Это накладывается на то, что подметил о. Иоанн Мейендорф: «Одна из черт русской культуры <…> уменье, тенденция жить как бы одновременно в двух мирах, некий дуализм по отношению к истории, манихейское представление о том, что в этом мире все несовершенно, но есть тайники души, откуда исходит свет, где ощущается истина: они свободны, независимы от исторического процесса…»[82] Для уверовавших в Золотой век историческое, буквально только что давшее столько трагедийных и просто опасных для человека эксцессов, списывается со счетов.

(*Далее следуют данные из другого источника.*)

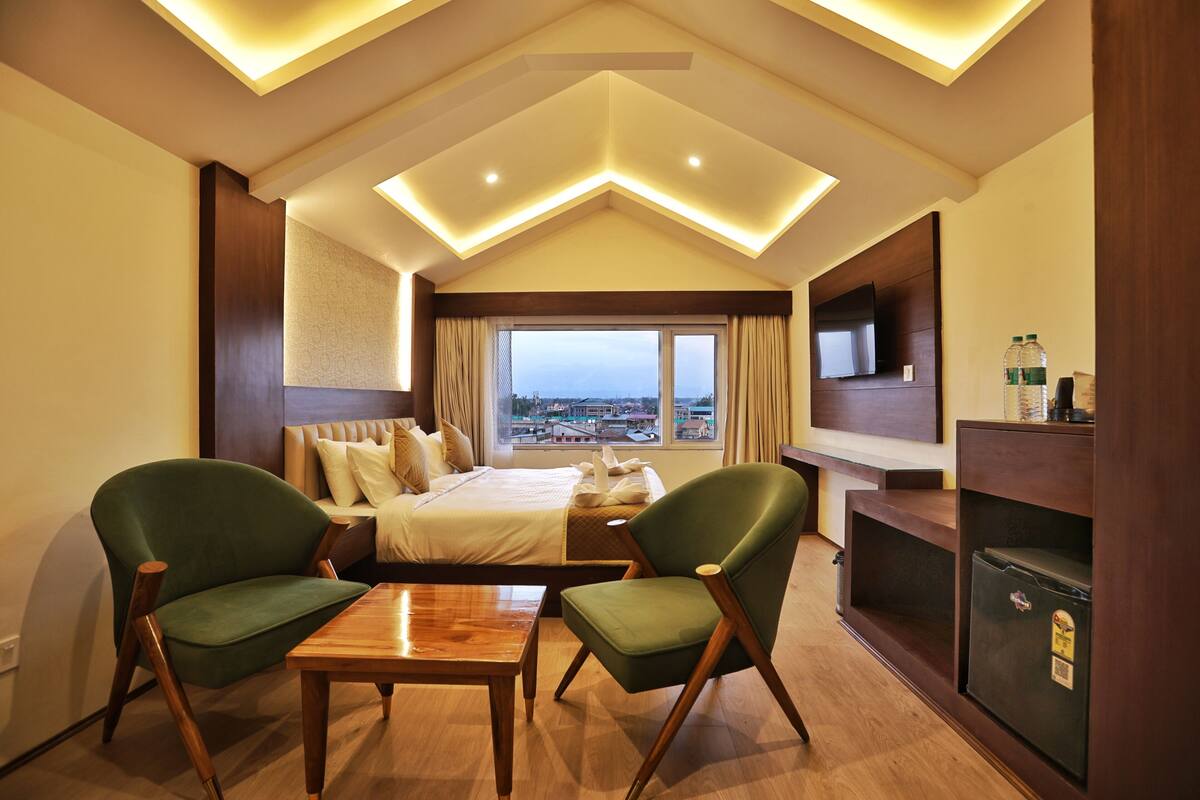 Quarto de hotel com uma cama, duas cadeiras verdes, uma mesa de madeira, uma televisão e um refrigerador.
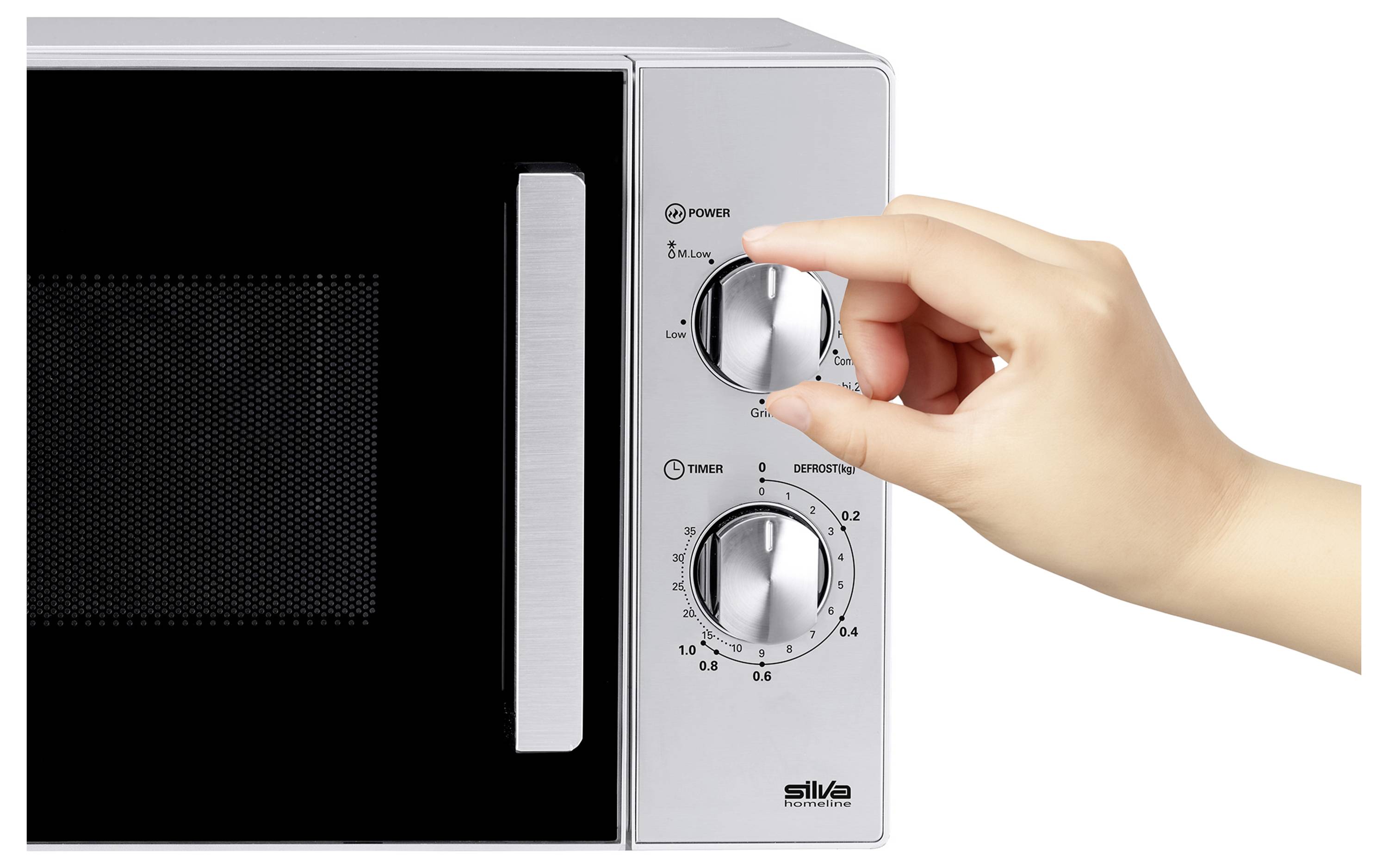 En hand som justerar vredet på en silver mikrovågsugn, med fokus på att ställa in effektnivå och timer.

В результате, нивелируя различия между прошлым и будущим, Должное объемлет рай потерянный и рай обретенный: золотой век архаики встречается с золотым веком завершающей историю Революции, конец встречается с началом[83]. Так что, похоже, нежелание или равнодушие Щекотихиной к обострению политических характеристик обусловлены этой уверенностью в «совмещении половинок»: это событие такого планетарного масштаба, настолько долгожданное, что рядом с ним частные несправедливости и конкретные судьбы! Это «снятие» коллизий и конфликтов дорого обойдется художникам, сосредоточенным на Должном. Впрочем, ментальность ментальностью, а рука и глаз в типажных работах фиксировали тревожные сигналы и вне специальной установки сознания. Как писал тот же И. Бунин, «вот оно, изумительное дело художников: так чудесно схватывает, концентрирует и воплощает человек типическое, рассеянное в воздухе, что во сто крат усиливает его существование и влияние <…> и часто совершенно наперекор своей задаче».